PHOTO: A woman casts her vote at Hialeah Fire Station #5 in Hialeah, Fla. on Election Day Tuesday, Nov. 6, 2012.

Barack Obama was undeniably the favored presidential candidate among Latinos.

Exit polls show that 71 percent of Latino voters nationwide cast ballots for the incumbent Democrat compared to 27 percent that cast votes for Republican Mitt Romney. But one group that has traditionally voted Republican acted more like a swing constituency this time around.

Cuban-American voters in Florida backed Romney for president, but just barely. And Obama won more of the Cuban vote than previous Democratic candidates in the state.

Romney edged out a win over Obama among Florida Cuban-American voters, 52-48 percent. Obama took 53 percent of the Cuban-American vote in Florida among those who voted on Election Day compared to Romney's 47 percent, according to a survey of nearly 5,000 voters conducted by Bendixen & Amandi International. Romney won among absentee and early voters, who tended to be older and more conservative. And Obama won 60 percent to 40 percent among Cuban-American voters born in the United States.

If the polls are accurate, that would represent a landmark shift in the politics of the Cuban-American community. Anchored in South Florida, Cuban-Americans have typically favored Republican presidential candidates, helping them perform well among Latino voters in the key battleground state.

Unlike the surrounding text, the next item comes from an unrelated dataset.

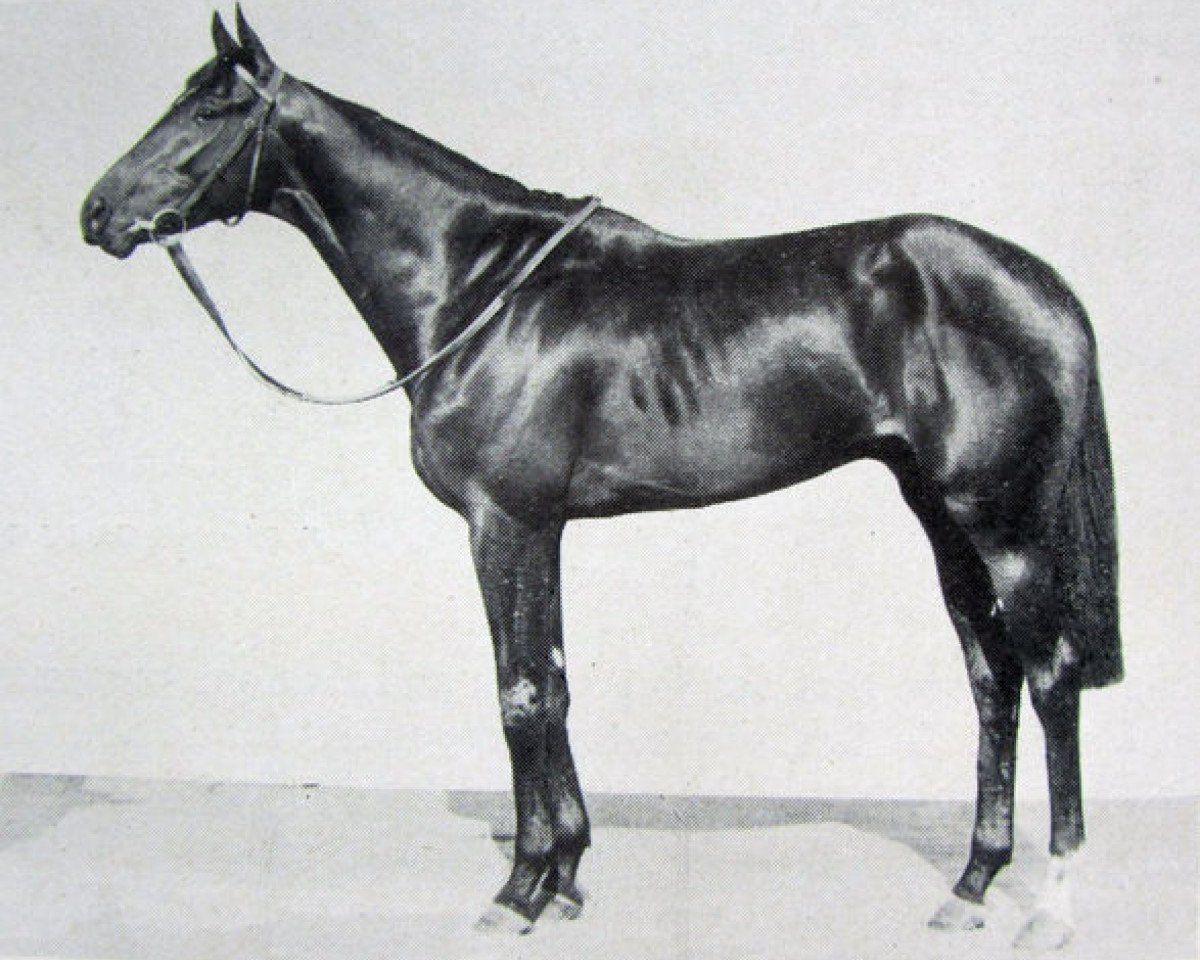 stallion Count Rendered xx (Thoroughbred, 1945, from Precipitation xx)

But there have been signs before this election that the GOP's advantage with Cubans has begun to erode. While support for Obama is lower among Cuban-Americans than it is among other Hispanics, a growing number of traditionally conservative Cuban-Americans cast Democratic ballots. That has some Republicans worried about losing support from a voting bloc they previously counted on to provide much-needed votes in the battleground state of Florida.

Former President Bill Clinton pulled in about 35 percent of the Cuban-American vote in 1996, according to Reuters. While George W. Bush performed well among Cubans, Obama achieved a similar percentage to Clinton during his 2008 campaign.

Age, as it does in other voting groups, also mattered. Young Cuban-Americans born in the United States backed Obama at a rate of more than 60 percent, according to exit poll data. That's because they were born and raised in the country, and have adopted more liberal attitudes than their parents.

Head of the Cuba Democracy Public Advocacy Corp. and anti-Castro lobbyist Mauricio Claver-Carone told the Miami Herald that the drop in Cuban's support for Romney may be partially due to his running mate, Rep. Paul Ryan (R-Wisconsin). Ryan has supported lifting the U.S. embargo on Cuba, an unpopular position among many older Cuban-Americans.

Not everyone thinks the exit polling data showing a shift to the left among Florida Cubans is representative.

Florida International University professors Dario Moreno and Kevin Hill said Monday that their analysis from selected precincts in Miami-Dade County show Romney won up to 59 percent of the Cuban-American vote.

Cubans also contributed to the electoral victory of Cuban-American Republican Reps. Ileana Ros-Lehtinen and Mario Diaz-Balart.

Diaz-Balart told The Wall Street Journal, "This so-called change - I've been reading about it for 30 years…The community has not changed."